I am so confused about the not-war with Venezuela.

We’ve killed 110 “narco -terrorists” supposedly delivering drugs to America in open bow boats with outboard motors across hundreds of miles of open ocean. We didn’t arrest them or charge them or try them in a court of law.

So why didn’t they just shoot and kill President Maduro and his wife on sight if they are the leaders of that very same “narco-terrorist” network? Why do they get the benefit of the American system of justice while 110 other Venezuelans were deprived of the same justice?

We are charging Maduro with the same drug trafficking and gun charges that the former president of Honduras actually, already was found guilty of, but who President Trump pardoned last month. Pardoned for the same crimes. Wh-Wh-What?
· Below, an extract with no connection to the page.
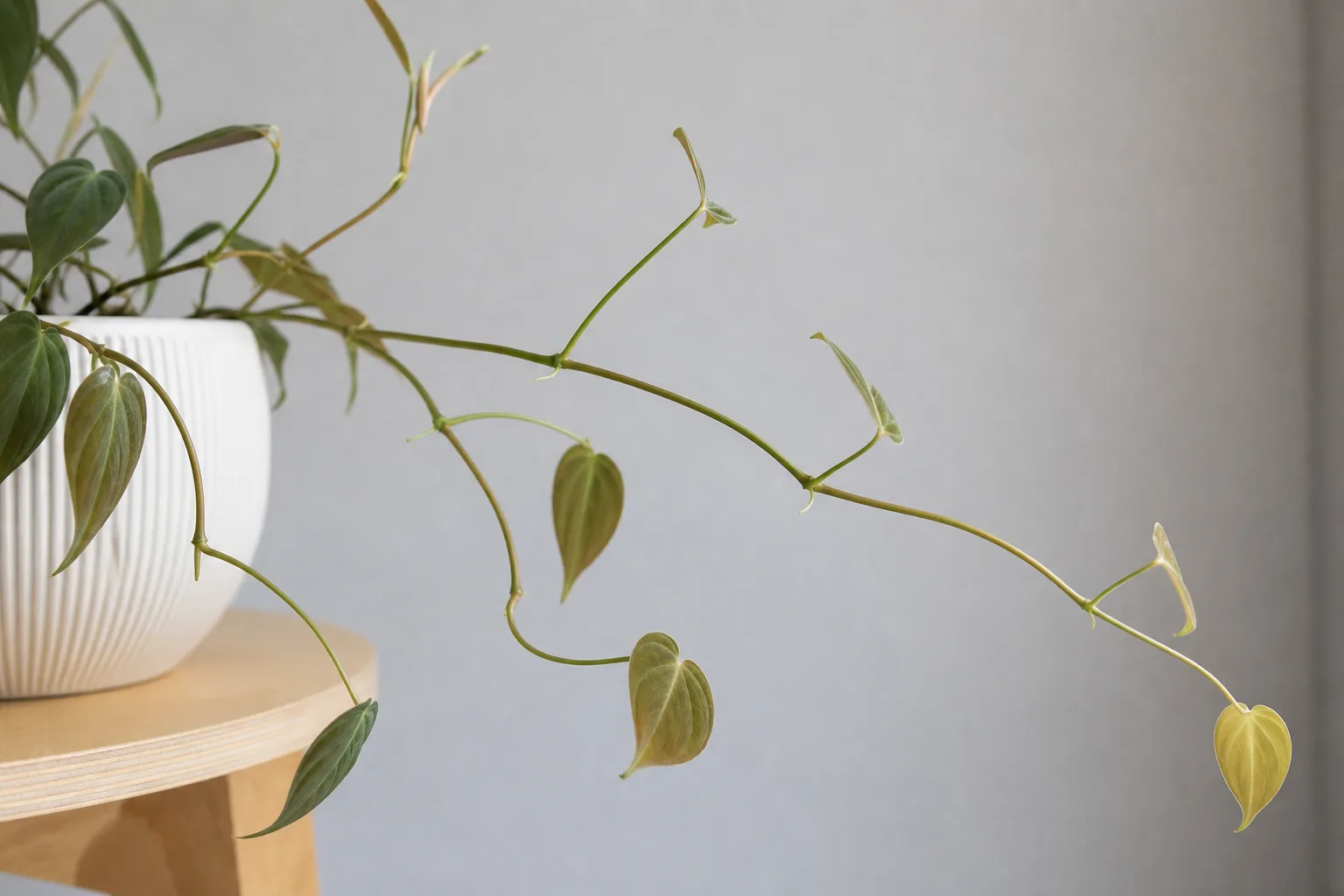 Philodendron Micans showing duller newest growth from insufficient light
This isn’t a war because only Congress can send us to war, yet we are going to send an occupying force to take control of another country? Until they are “free.” Didn’t we learn anything from our time in Viet Nam or Afghanistan?

Finally, I’m not sure where all the money needed to occupy Venezuela is going to come from. It can’t be cheap.

Congress passed the " Big, Beautiful Bill," which already increased the national debt by a record amount after cutting insurance subsidies for millions of Americans. Since then President Trump has promised billions in aid to Brazil, billions to farmers hurt by the tariffs, $1,776 to every military service member, millions for creating savings accounts for babies born during his term, and a couple thousand back to each taxpayer. And started building a $400 million ballroom. None of it in that beautiful bill.

So it just seems like it would have been nice to discuss this before we created a not-war first, like I thought Congress or one of their sub-committees would have done.